EAT confirms Addison Lee drivers are entitled to workers’ rights

EAT decision workers rights

Taxi drivers with Addison Lee are legally entitled to the national minimum wage and holiday pay rights, confirms the Employment Appeal Tribunal (EAT).

The EAT has rejected the arguments that the ‘gig-economy’ drivers are self-employed contractors running their own businesses, reports the union GMB. It has confirmed the original Employment Tribunal’s decision last year that the nature of the relationship between the drivers and the company is that Addison Lee drivers work for Addison Lee rather than being self-employed.
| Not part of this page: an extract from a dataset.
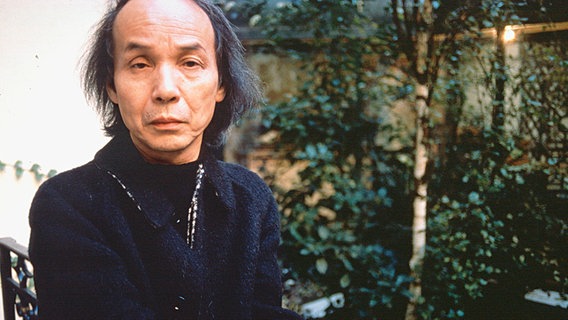 Komponist Tōru Takemitsu im Porträt © akg-images Foto: Marion Kalter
The ruling may mean thousands of Addison Lee drivers are legally entitled to receive the National Minimum Wage and holiday pay.
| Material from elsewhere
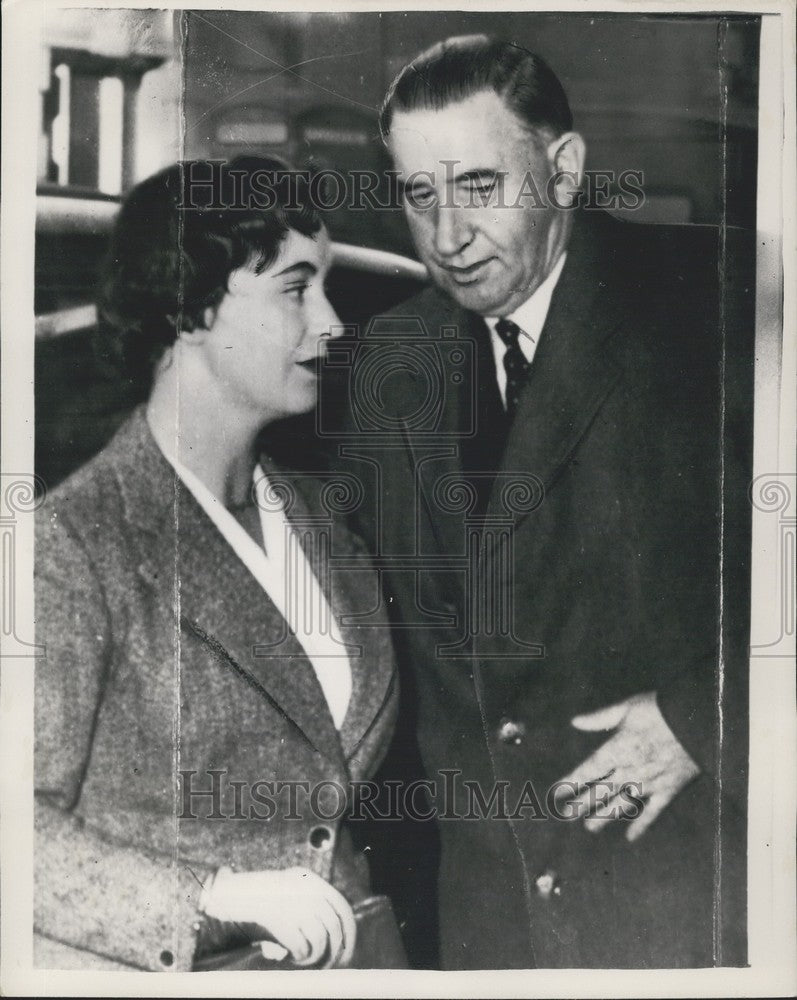 1957, Chief Constable Charles Ridge, Daughter Betty - KSK05679 - Historic Images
It is clear that Addison Lee’s business model of providing a fleet of highly trained, regulated drivers is incompatible with their arguments that drivers are not workers who are entitled to workers’ fundamental rights, says Liana Wood, a solicitor at Leigh Day, which represented the drivers, on behalf of union GMB.

Says Wood: “We hope that Addison Lee will accept this decision; drivers shouldn’t have to continue to work very long hours, often in excess of 60 hours per week, to earn just enough to meet their basic living costs.”

The taxi drivers brought the claim in 2016 because they wanted to be ‘treated fairly’ says Michaell Lange, one of the drivers involved in the case. “”We now urge Addison Lee to do the decent thing and stop denying its workforce of over 4000 drivers their rights.”

The union GMB says it will continue to fight what it calls exploitative companies.
“This is another huge win for GMB over bogus self-employment,” says Sue Harris, GMB Legal Director. “Once again the courts have agreed Addison Lee drivers are legally entitled to workers’ rights such as the national minimum wage and holiday pay rights.